BlacKkKlansman

Ron Stallworth (J. D. Washington) è un giovane poliziotto afroamericano, nel Colorado degli anni ’70. Vuole darsi da fare e non marcire in un archivio, per lo più sopportando le battute razziste di alcuni suoi colleghi. Entra in contatto telefonico con la sezione locale del Ku Klux Klan, spacciandosi per bianco. E convince i suoi superiori a far infiltrare il suo collega Flip Zimmerman (A. Drive), che è bianco, nel Klan, passando per il vero Ron Stallworth. Così inizia un’indagine rischiosa, che porta Flip ad essere l’alter ego reale del Ron telefonico. I bianchi bifolchi e razzisti che incontra sono solo cani che abbaiano, o sanno anche mordere? Il dubbio potrebbe essere fatale a tanti. Intanto la contestazione studentesca, soprattutto dei giovani neri, dilaga.
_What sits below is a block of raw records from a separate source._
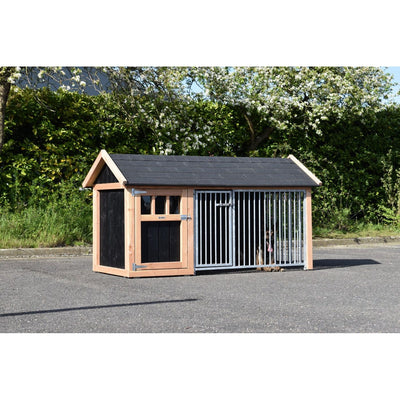 Holz-Hundehütte mit schwarzem Dach und angrenzendem Metall-Laufgitter; Hund im Gehege vor grüner Hecke und blühendem Baum.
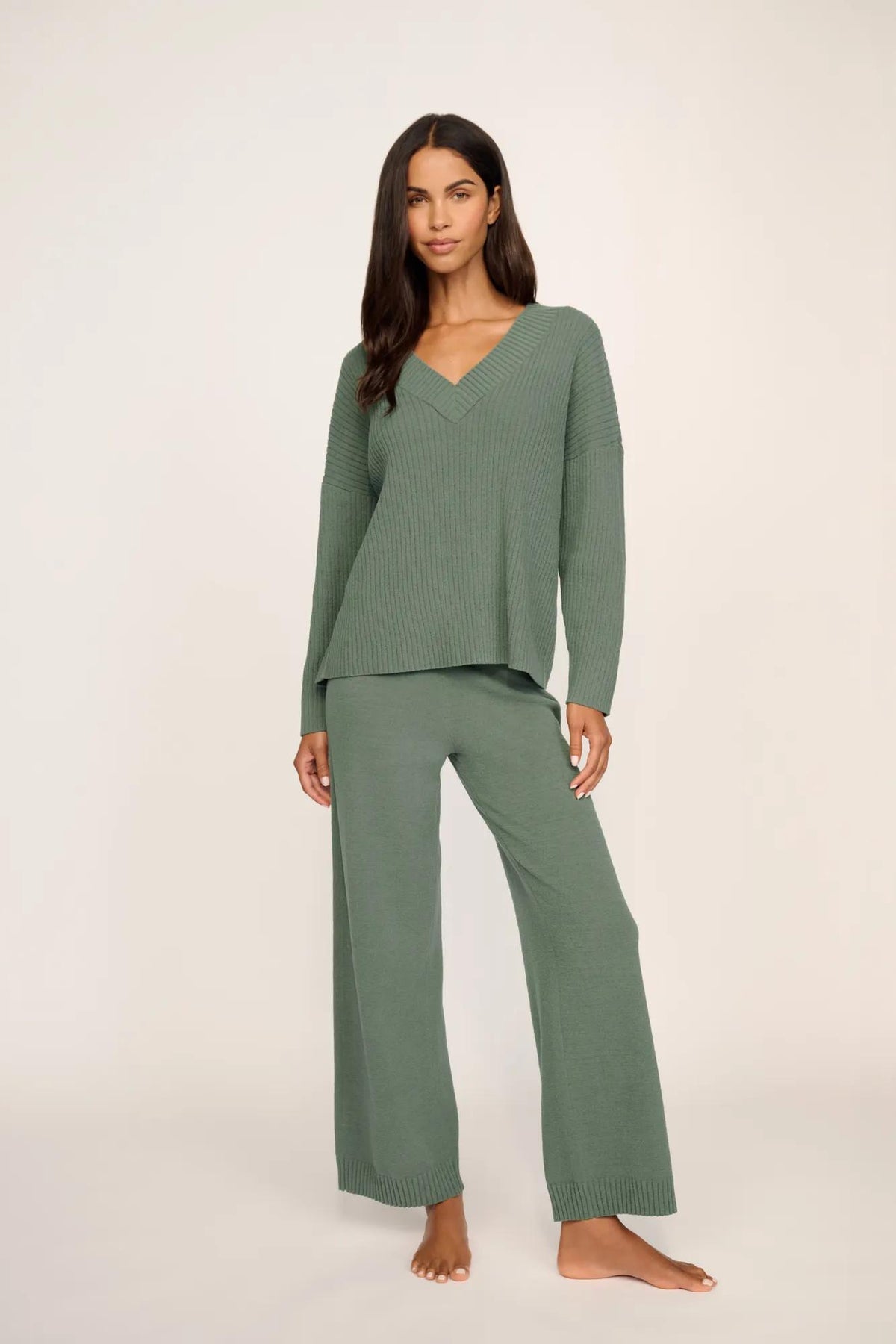 Model is wearing Lightweight Boucle Ribbed V Neck Sweater in Desert Sage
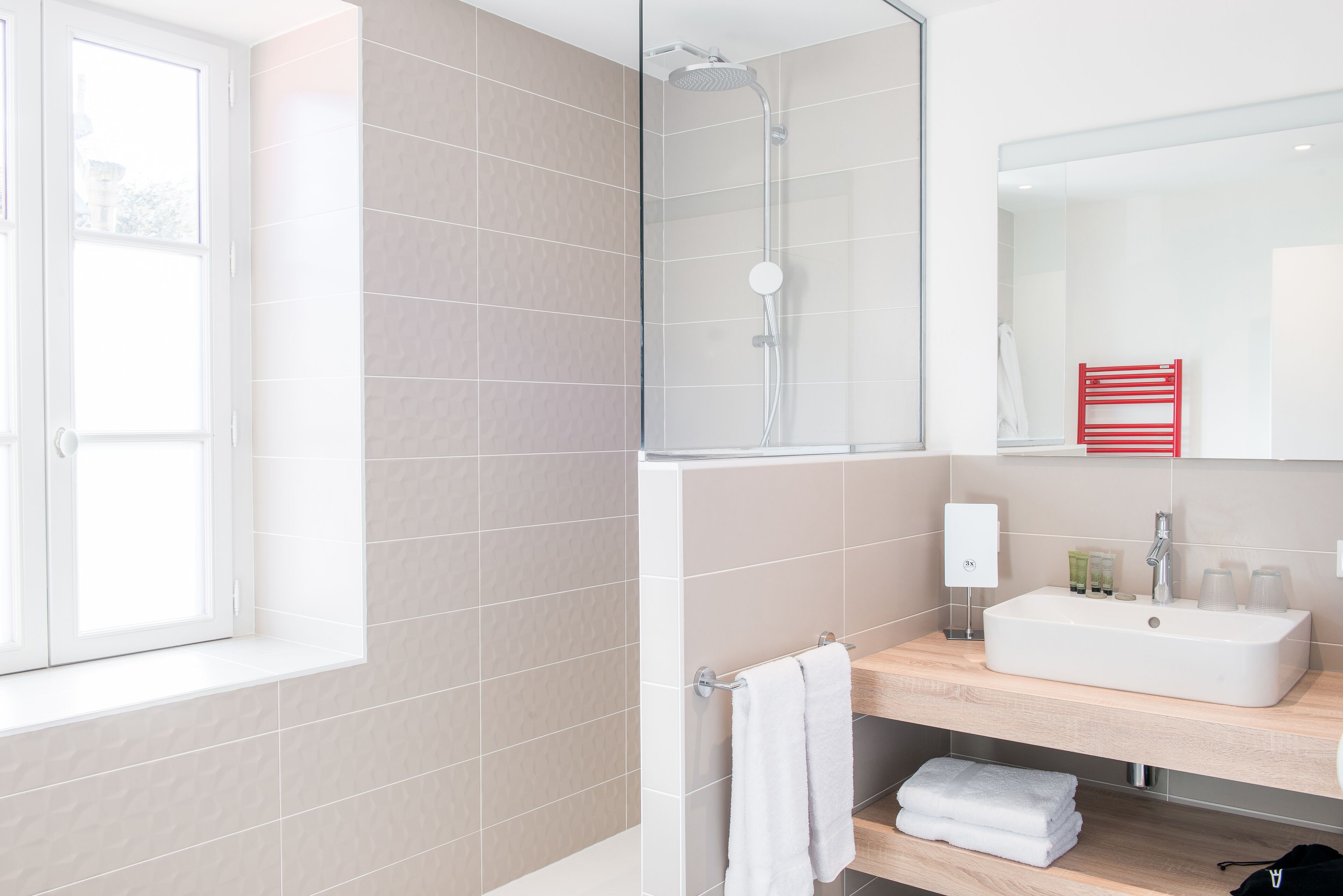 Een moderne badkamer met een douchecabine van glas, een witte wastafel en een spiegel erboven.
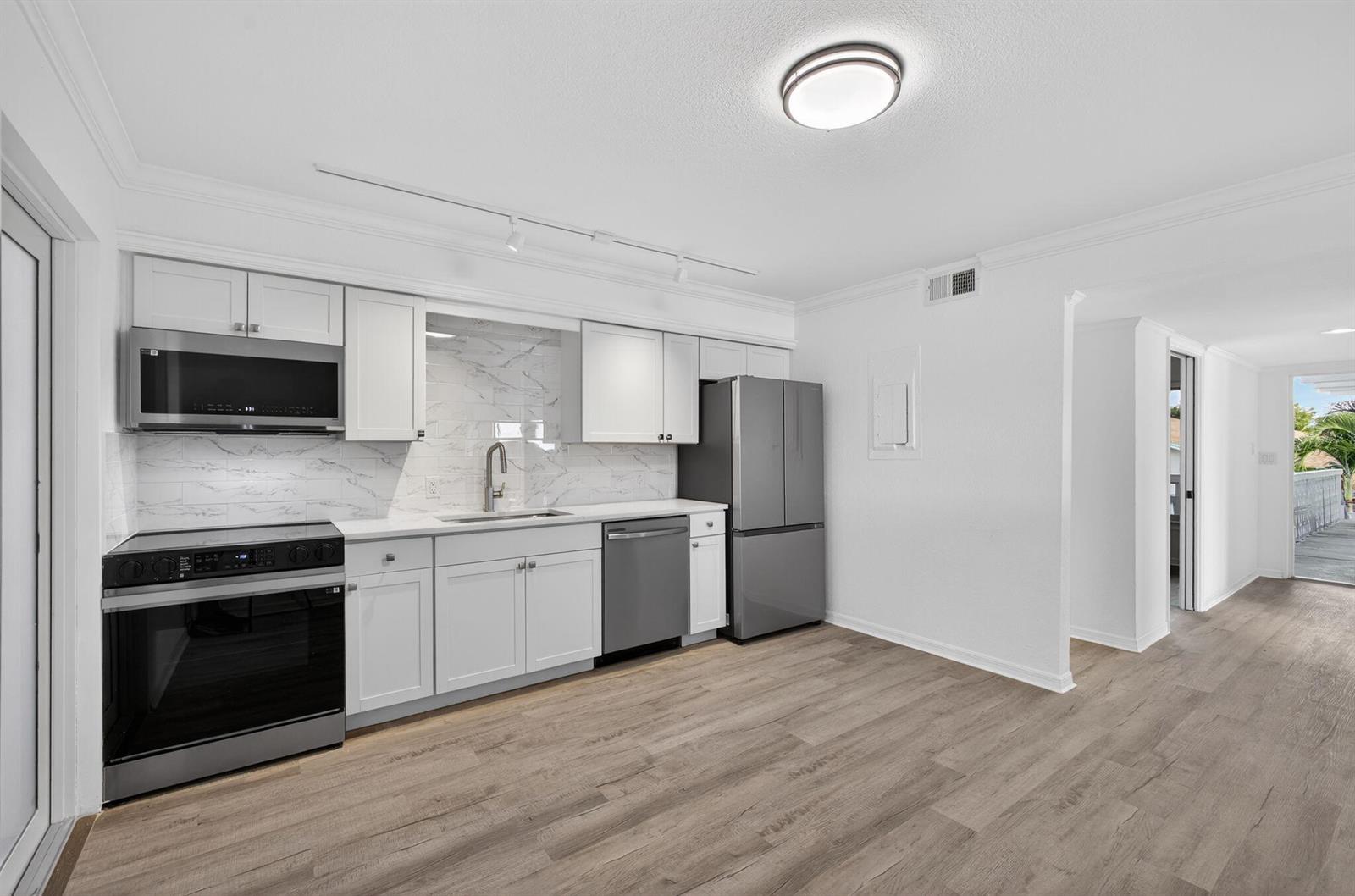 A modern kitchen features white cabinets, stainless steel appliances, and light wood-look flooring — 624 Southwind Circle # 4, North Palm Beach FL 33408, NORTH PALM BEACH, FL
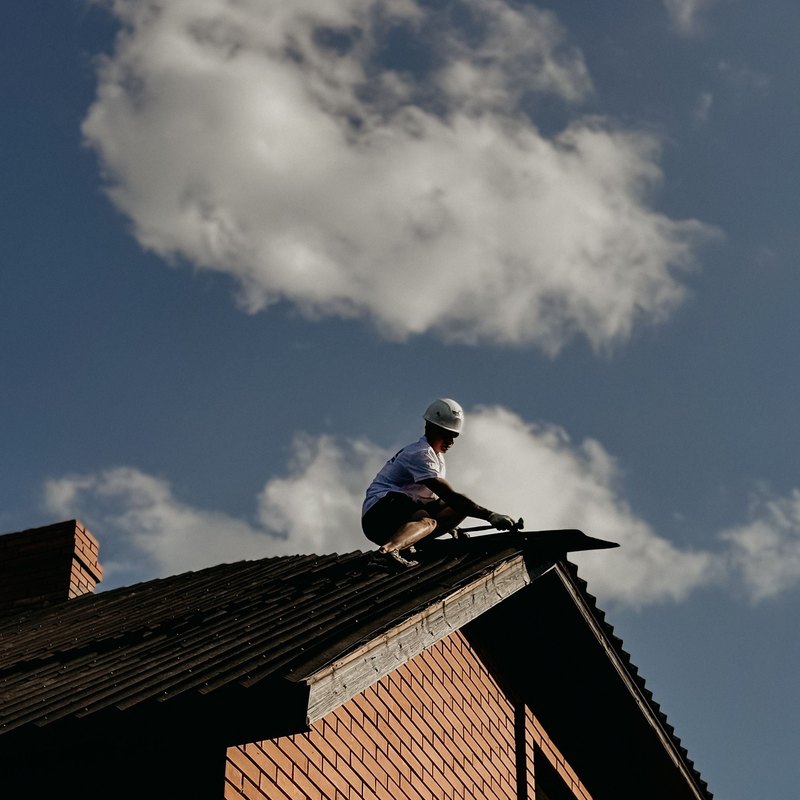 Roofer crouched at the ridge of a steep roof on a red brick house against a blue sky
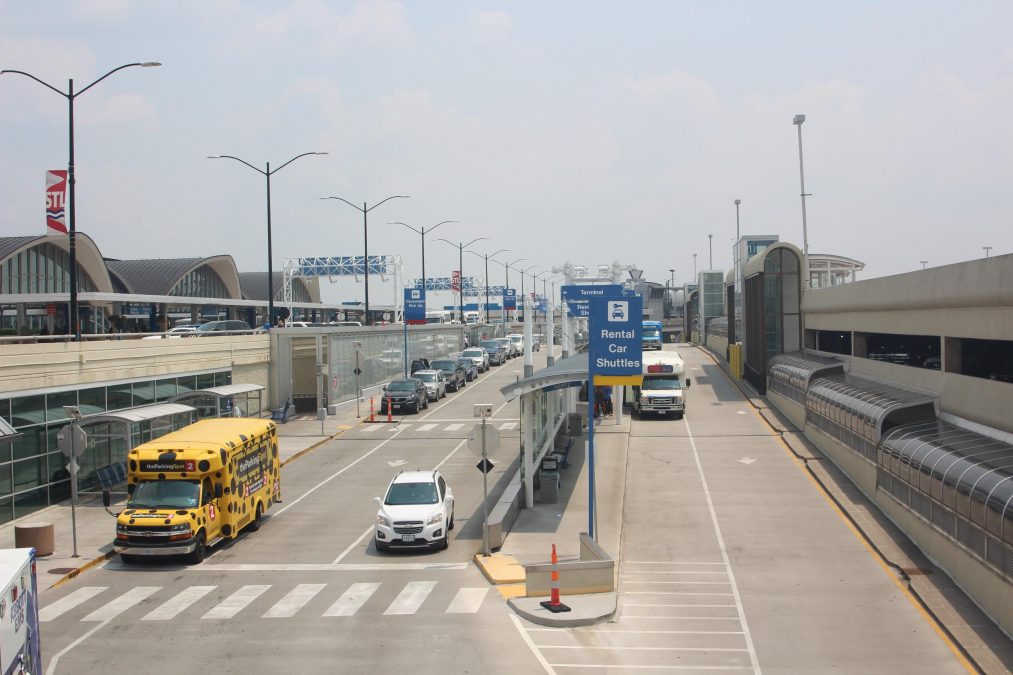 Photo of an airport road with shuttles and cars during the daytime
Spike Lee, emerito e pluripremiato regista statunitense, firma una pellicola alla sua maniera, ispirata a una storia vera. Mescola il drammatico al grottesco, con divagazioni surreali (tanti omaggi e citazioni della storia del cinema, tra cui un cameo di Harry Belafonte, novantenne monumento dei diritti civili) e dialoghi irresistibili, e si concede una coda al veleno, sulla stretta attualità. Forse gli anni ’70 non sono poi così lontani oggi.

I cambi di tono evocano un umorismo al vetriolo degno dei Coen, magari non sempre così fluidi, ma il film gira e talento del regista, musiche di Blanchard (collaboratore abituale di Lee) e montaggio fanno il resto.

Gran premio della giuria al Festival di Cannes.